# Passed Environmental PE Exam (Material for Sale)



## tmp2228 (Dec 17, 2007)

Passed after retaking the Environmental PE exam. You hear stories of people passing the PE exam who only glanced through the reference materials a few weeks before the test and tab selected sections. I all ways thought they were lying until my co-worker passed the first time using that method and only did 10 problems.

My first time taking the exam I studied about 300 hours. 75% of that time was spent working practice and exam type problems (BIG MISTAKE), I failed. Afterwards I spent a month researching for new references and study material for the next exam.

I took a review course offered by the School of Professional Engineering. During the course each teacher indicated which subject matter would most likely be on the exam. They stressed concepts, not number crunching. One teacher reviewed questions in the past for PE exams, and had applied to write the questions.

I also contacted Industrial Extensions Service, at the College of Engineering, North Carolina State University.They sale a review course with videos and bounded notes. They informed me that their teachers write questions for the PE exam. I purchased the 2002 material from this forum.

Two months before the exam, I flipped through every page of my new references and tabbed sections as mentioned in the review courses. Afwards, I went through every page of each reference again and again until three days before the test.

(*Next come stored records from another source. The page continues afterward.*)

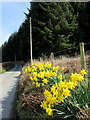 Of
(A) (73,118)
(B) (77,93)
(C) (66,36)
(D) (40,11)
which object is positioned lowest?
(A) (73,118)

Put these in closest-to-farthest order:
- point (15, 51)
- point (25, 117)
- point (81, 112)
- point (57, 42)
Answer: point (81, 112), point (25, 117), point (57, 42), point (15, 51)

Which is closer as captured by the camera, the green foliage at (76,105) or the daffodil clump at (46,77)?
the green foliage at (76,105)

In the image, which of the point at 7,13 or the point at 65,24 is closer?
the point at 7,13

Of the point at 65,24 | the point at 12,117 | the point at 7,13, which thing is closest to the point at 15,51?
the point at 65,24

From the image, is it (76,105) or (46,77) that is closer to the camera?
(76,105)

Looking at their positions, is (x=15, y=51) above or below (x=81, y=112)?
above

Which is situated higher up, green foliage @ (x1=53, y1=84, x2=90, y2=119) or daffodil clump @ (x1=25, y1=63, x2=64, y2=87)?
daffodil clump @ (x1=25, y1=63, x2=64, y2=87)

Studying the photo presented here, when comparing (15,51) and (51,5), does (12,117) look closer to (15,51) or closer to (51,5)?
(51,5)

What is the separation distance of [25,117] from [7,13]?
28.4 feet

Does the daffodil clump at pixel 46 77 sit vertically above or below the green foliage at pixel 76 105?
above

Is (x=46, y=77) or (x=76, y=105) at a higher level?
(x=46, y=77)

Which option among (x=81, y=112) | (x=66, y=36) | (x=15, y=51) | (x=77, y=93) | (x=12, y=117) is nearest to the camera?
(x=81, y=112)

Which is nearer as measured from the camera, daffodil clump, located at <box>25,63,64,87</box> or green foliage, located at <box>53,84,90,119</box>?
green foliage, located at <box>53,84,90,119</box>

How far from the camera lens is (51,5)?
1817 centimetres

I passed the test because I had the correct references and knew exactly where to find the answers for unfamilar subjects where I did not have experience. I only had 4.8 minutes per question and no time to fumble through the references, then do calculations. I opened my Lindeburg reference manual for only 3 questions. The Lindeburg manual for me was only good for which subject matters to study in other references and the conversion tables.

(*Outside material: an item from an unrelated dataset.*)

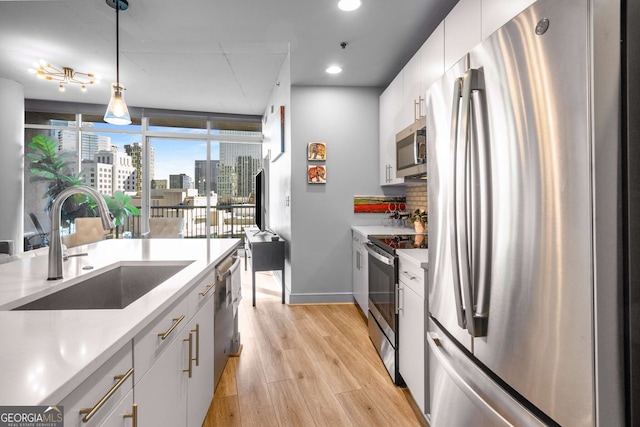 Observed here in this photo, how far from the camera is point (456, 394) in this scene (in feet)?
4.05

I have the following references for sale. Feel free to contact me via email at [email protected] if you have any questions or need help preparing for the Environmental PE Exam:

-Applied Hydrogeology, fourth addition with un-open disk $50.00

-Air Pollution Control, Cooper Alley, third edition $50.00

-Practical Design Calculations for Ground Water and Soil Remediation, Kou $50.00

-Environmental Engineering, Joseph A. Salvato, fifth edition $100.00

- School of Professional Engineering Notes and practice problems $100.00

- Industrial Extension complete video and notes. Series cover, wastewater, water, solid waste, and air quality. $200.00

- Environmental Engineering Dictionary, Lee $100.00

I was able to answer 60 questions using the above material, and 30 questions based on my experience. The other 10, I had no idea.


----------



## Dleg (Dec 17, 2007)

Welcome tmp2228 and congratulations! You might have more luck selling your books in the "Yard Sale" forum, at the bottom of the main board page.


----------



## FINK_RB_PE (Dec 17, 2007)

I was able to answer 60 questions using the above material, and 30 questions based on my experience. The other 10, I had no idea.


----------



## CVA07 (Dec 17, 2007)

fink_rb said:


> I was able to answer 60 questions using the above material, and 30 questions based on my experience. The other 10, I had no idea.What PE did you take, the exam is only 80 questions or am I crazy?

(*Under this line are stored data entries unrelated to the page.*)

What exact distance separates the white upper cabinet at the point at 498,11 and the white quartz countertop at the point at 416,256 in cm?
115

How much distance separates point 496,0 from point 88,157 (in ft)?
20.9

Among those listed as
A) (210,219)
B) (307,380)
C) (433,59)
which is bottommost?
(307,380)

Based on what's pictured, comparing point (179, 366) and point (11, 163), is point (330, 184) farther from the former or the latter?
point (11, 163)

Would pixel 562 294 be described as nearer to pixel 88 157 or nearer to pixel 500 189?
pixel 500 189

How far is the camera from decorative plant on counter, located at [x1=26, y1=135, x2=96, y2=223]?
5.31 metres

The Environmental PE exam is 100 questions.

Congrats on passing! You have given me hope, I get discouraged at the 35% pass rates for repeats. Plus, we had very simliar re-take study methods, as well as reference materials! However, I am not very confident in a lot more than 10 of my answers!


----------



## Guest (Dec 17, 2007)

Congrats tmp !! :multiplespotting: :multiplespotting:

I agree with Dleg - you might get more plugs for your items in the Yard Sale Subforum.

JR


----------



## pe-enviro (Dec 18, 2007)

I found this info on the Alabama results post

http://www.bels.alabama.gov/pdfs/Stats%20o...20PE%20Exam.pdf

According to this, enviro has the highest pass rate among all major disciplines for the Oct'07 exam, 66%.


----------



## Dleg (Dec 18, 2007)

^^Interesting. That's down significantly from the previous couple of enviro exams, which had national pass rates of around 75%. The NCEES hasn't yet updated their official results page yet, though. They're still showing the passing rates for the April exam. Last year, the NCEES pass rates page was updated to include the October results _before_ anyone got any individual passing notifications.


----------



## CVA07 (Dec 18, 2007)

^Based on the responses from other threads, I believe this 66% includes both first time and repeat takers....so the first time pass rate may still be around 75%, it just has the very low % pass rates of repeat takers weighing it down.

And yes, I thought I remembered last year the NCEES pass rates were posted prior to any states getting their results as well! I wonder why that is taking so long, as obviously they have it calculated...


----------



## fmullner (Dec 19, 2007)

Hey, congratulations. Hopefully you'll hang around here anyway!


----------



## FLBuff PE (Dec 19, 2007)

:multiplespotting: Congrats, tmp2228!

:waitwall:


----------